Das erste fast gleichlautende Urteil kam vom Landgerichts München im März 2018 nach einer Klage der Verbraucherzentrale Nordrhein-Westfalen.

Bei Amazons Dash-Button Bestellungen  wird der Kunde erst nach der Bestellung informiert, zu welchem Preis er eine Ware bestellt und welches Produkt er tatsächlich bestellt hat. Zwar hat der Kunde danach noch einmal die Gelegenheit zu entscheiden welches Produkt bestellt werden soll, wenn er den Knopf betätigt. Allerdings steht in den Amazon Nutzungsbedingungen, dass er damit einverstanden ist, wenn sich das mit dem Knopf verbundene Produkt ändert und auch ein anderer Preis verlangt werden kann als zum Zeitpunkt der Einrichtung des Dash-Buttons.

Was soll das?

Ich weiß nicht was ich wirklich kaufe und zu welchem Preis? Damit wird die bürgerliche Vertragsfreiheit völlig zu Lasten des Kunden verdreht!

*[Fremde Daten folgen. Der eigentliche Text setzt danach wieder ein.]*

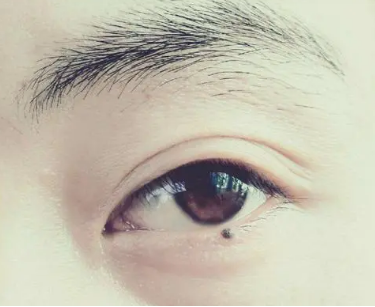 眼部黑色素瘤：临床前测试显示了治疗途径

Amazon gibt keine Auskunft darüber wie viele Kunden dieses Verfahren überhaupt nutzen – ab jetzt erstmal niemand mehr! Das Kölner Institut für Handelsforschung meint, dass Bestellknöpfe nur eine Übergangslösung wären, die von Sprachsteuerung und Smart-Home-Geräten abgelöst werden. Ach so, dann kauft mein Kühlschrank ein, wie es ihm gefällt …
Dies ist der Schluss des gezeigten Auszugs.